## Description of the task
The records that follow are to be given again exactly. Do not carry over any image.

• • • •

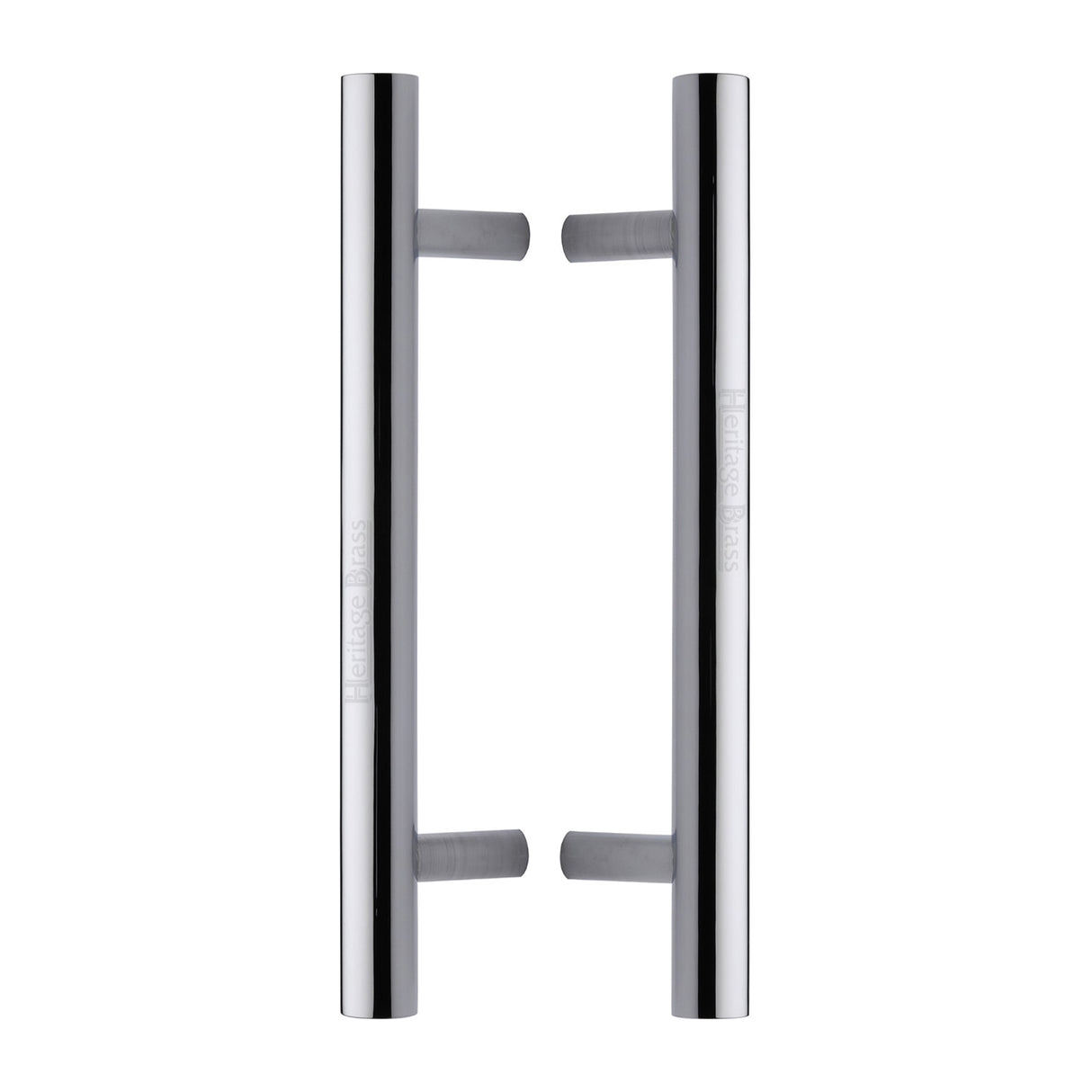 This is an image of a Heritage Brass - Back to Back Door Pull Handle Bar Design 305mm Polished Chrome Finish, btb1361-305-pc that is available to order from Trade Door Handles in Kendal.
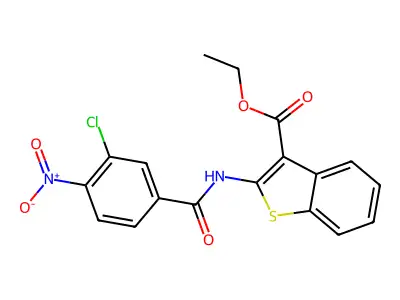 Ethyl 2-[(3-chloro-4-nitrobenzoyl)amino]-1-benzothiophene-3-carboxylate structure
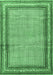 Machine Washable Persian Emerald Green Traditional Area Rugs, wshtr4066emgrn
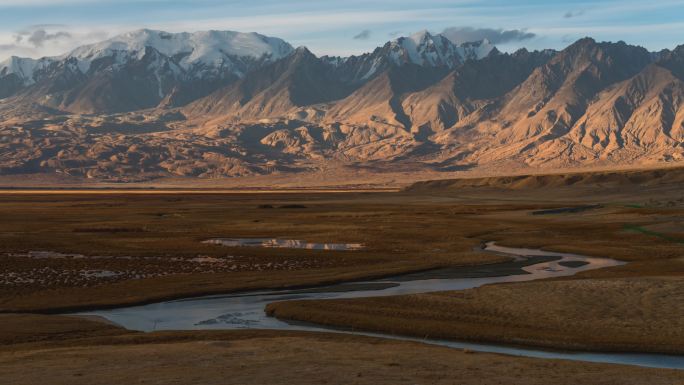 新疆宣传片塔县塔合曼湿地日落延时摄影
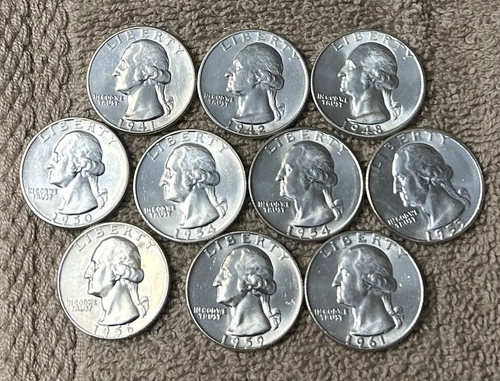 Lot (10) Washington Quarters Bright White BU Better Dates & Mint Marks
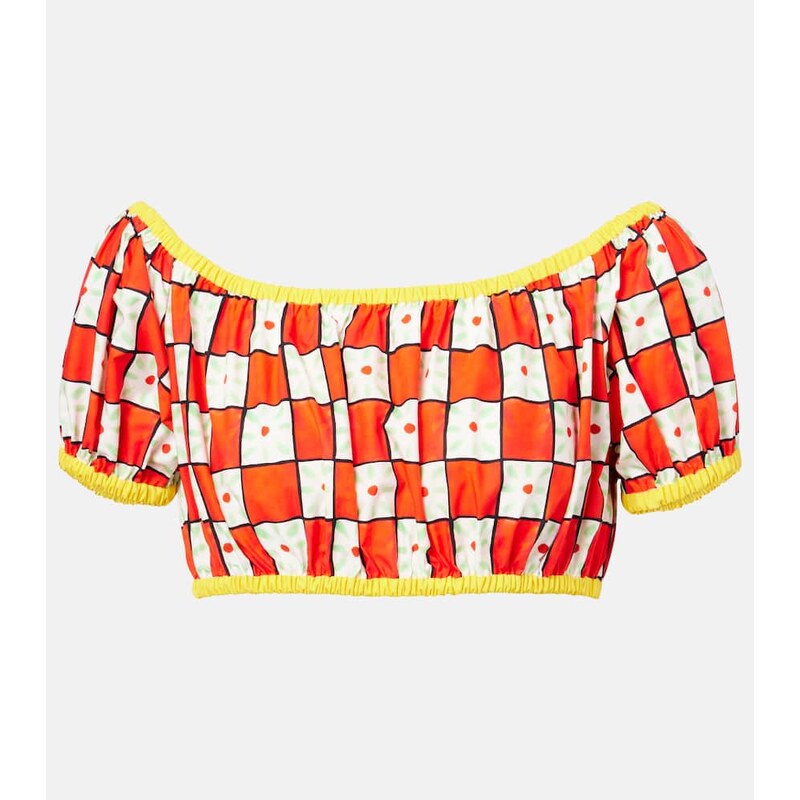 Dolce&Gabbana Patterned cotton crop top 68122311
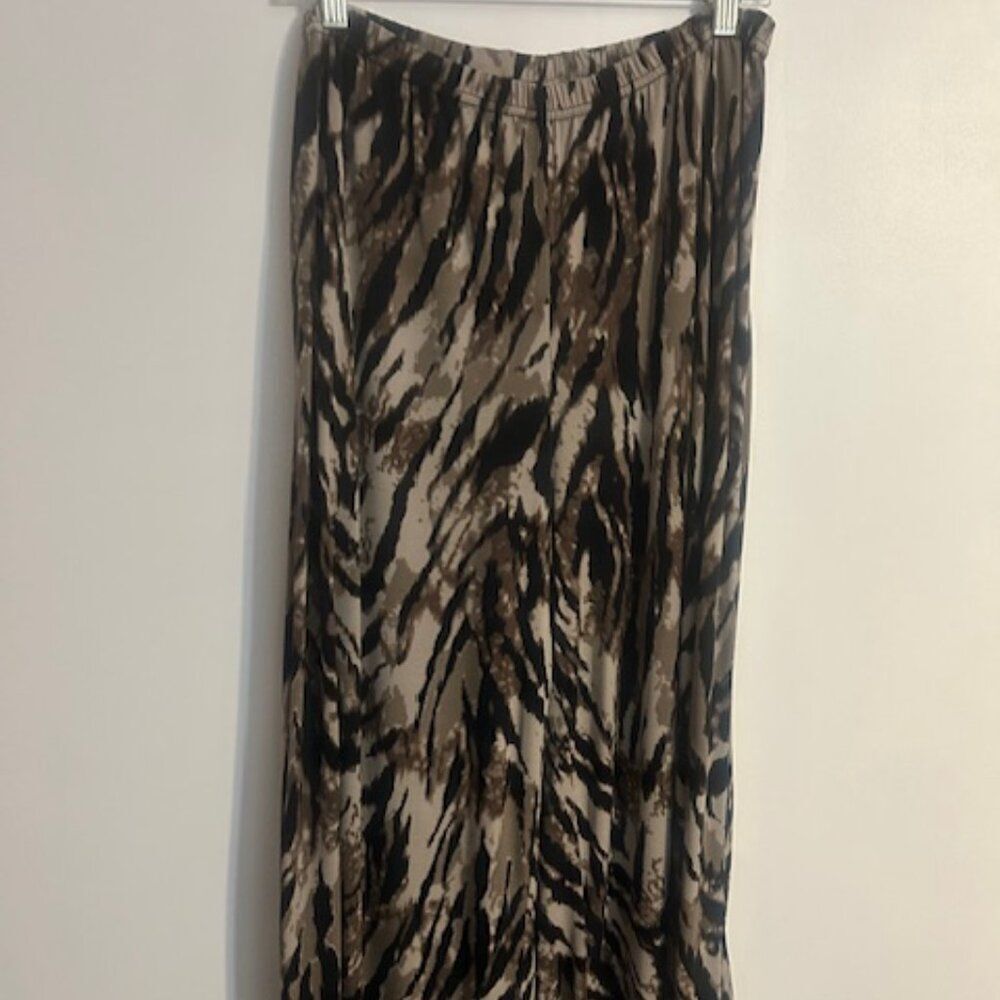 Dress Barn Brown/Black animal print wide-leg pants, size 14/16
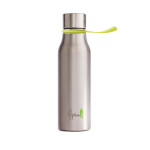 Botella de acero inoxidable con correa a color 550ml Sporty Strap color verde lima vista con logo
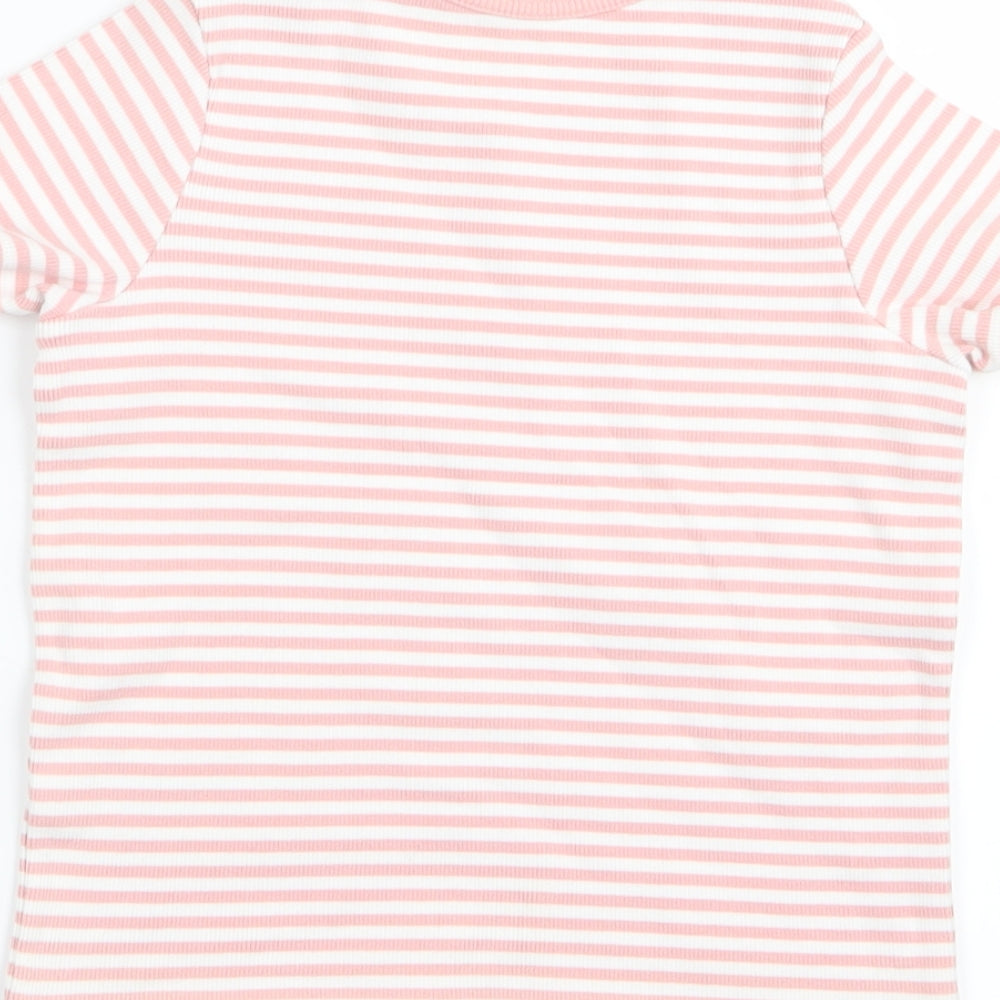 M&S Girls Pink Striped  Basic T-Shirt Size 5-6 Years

• • • •

## Solution to the problem
 This is an image of a Heritage Brass - Back to Back Door Pull Handle Bar Design 305mm Polished Chrome Finish, btb1361-305-pc that is available to order from Trade Door Handles in Kendal.
 Ethyl 2-[(3-chloro-4-nitrobenzoyl)amino]-1-benzothiophene-3-carboxylate structure
 Machine Washable Persian Emerald Green Traditional Area Rugs, wshtr4066emgrn
 新疆宣传片塔县塔合曼湿地日落延时摄影
 Lot (10) Washington Quarters Bright White BU Better Dates & Mint Marks
 Dolce&Gabbana Patterned cotton crop top 68122311
 Dress Barn Brown/Black animal print wide-leg pants, size 14/16
 Botella de acero inoxidable con correa a color 550ml Sporty Strap color verde lima vista con logo
 M&S Girls Pink Striped  Basic T-Shirt Size 5-6 Years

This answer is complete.